School Information Report
- What are Special Educational Needs?
- What should I do if I think my child has SEN or a disability?
- Useful contacts
- How will I know how my child is doing?
- How will my child be assessed to see if they need extra support?
- What is the Orchard Centre?
- EAL Provision: What is EAL?
- How will my child be supported for life after The Farnborough Academy?
- How can I help to support my child’s learning?
- How will my child be involved in planning for his/her education?
- How are resources allocated to match the needs of children with SEN?
- How will the curriculum be personalised to suit my child’s needs?
- What additional services could be available for my child?
- What training and expertise do staff have with SEND?
- How will decisions be made about what support my child will receive?
- What if the support provided for my child is not effective?
- How will my child be included in extra-curricular activities?
- What should I do if I have a complaint?
- Further information and advice
- Meet the SEND team
Definitions of special educational needs (SEN) taken from section 20 of the Children and Families Act 2014.
A child or young person has SEN if they have a learning difficulty or disability which calls for special educational provision to be made for them.
A child of compulsory school age or a young person has a learning difficulty or disability if they:
- have a significantly greater difficulty in learning than the majority of others of the same age; or
- have a disability which prevents or hinders them from making use of educational facilities of a kind generally provided for others of the same age in mainstream schools or mainstream post-16 institutions.
A child under compulsory school age has special educational needs if they fall within the definition at (a) or (b) above or would do so if special educational provision was not made for them.
Children must not be regarded as having a learning difficulty solely because the language or form of language of their home is different from the language in which they will be taught.
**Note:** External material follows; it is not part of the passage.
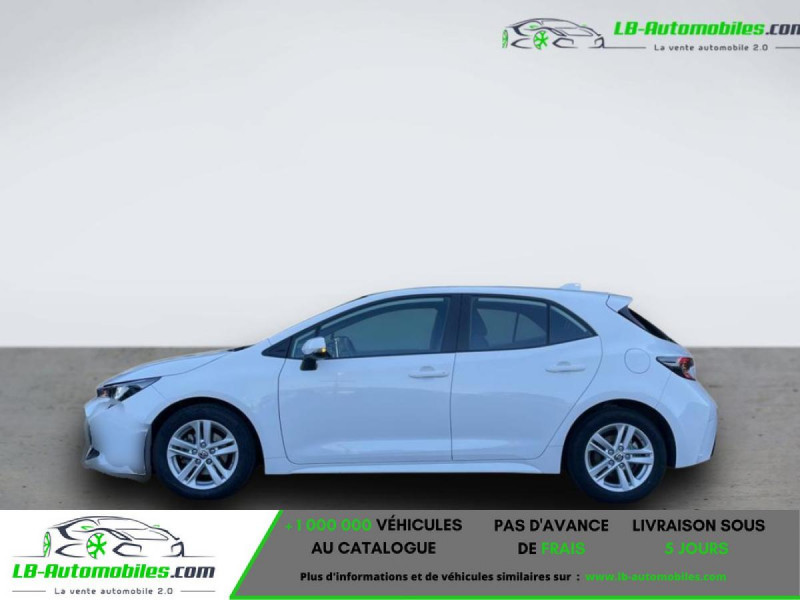 Toyota Corolla 1.8 Hybrid Comfort  occasion  Beaupuy - photo n6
Contact your child’s tutor or Head of Year/Head of Year Assistant or contact the Academy’s SENCO for further advice or information. A meeting can then be arranged to discuss matters further.
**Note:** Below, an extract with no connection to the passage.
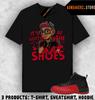 Рубашка в тон кроссовкам AJ 12 Flu Game Футболка в тон кроссовкам Это Должны Быть Кроссовки Футболка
If you have previously sought medical advice regarding your child’s needs then please bring this information to the meeting.
SENCO: Mrs J Rivers
Class of 2021
Head of Year: Mr I Palmer
Head of Year Assistant: Miss M Reynolds
Class of 2020
Head of Year: Mrs S Birch
Head of Year Assistant: Mr J Bennett
Class of 2019
Head of Year: Mr A Higgs
Head of Year Assistant: Mrs L Humphrey
Class of 2018 and 2017
Head of Year: Ms M Blaney
Head of Year Assistant: Mr M Green/Mrs C Shuttlewood
You will receive a copy of your child’s Pupil Profile at the beginning of the academic year followed by an invitation to review your child’s profile 3 times during the academic year. If you are unable to attend any of the review meetings then you may wish to contact Mrs Rivers (SENCO) to arrange an alternative meeting.
You will be updated about your child’s progress through regular progress reviews and Parents Evenings.
You are more than welcome to contact any of the SEN team or child’s tutor/Head of Year to discuss their progress and attainment whilst at The Farnborough Academy.
The Orchard Centre was created in 2015 to support the needs of pupils who, for a variety of reasons, are unable to access mainstream provision.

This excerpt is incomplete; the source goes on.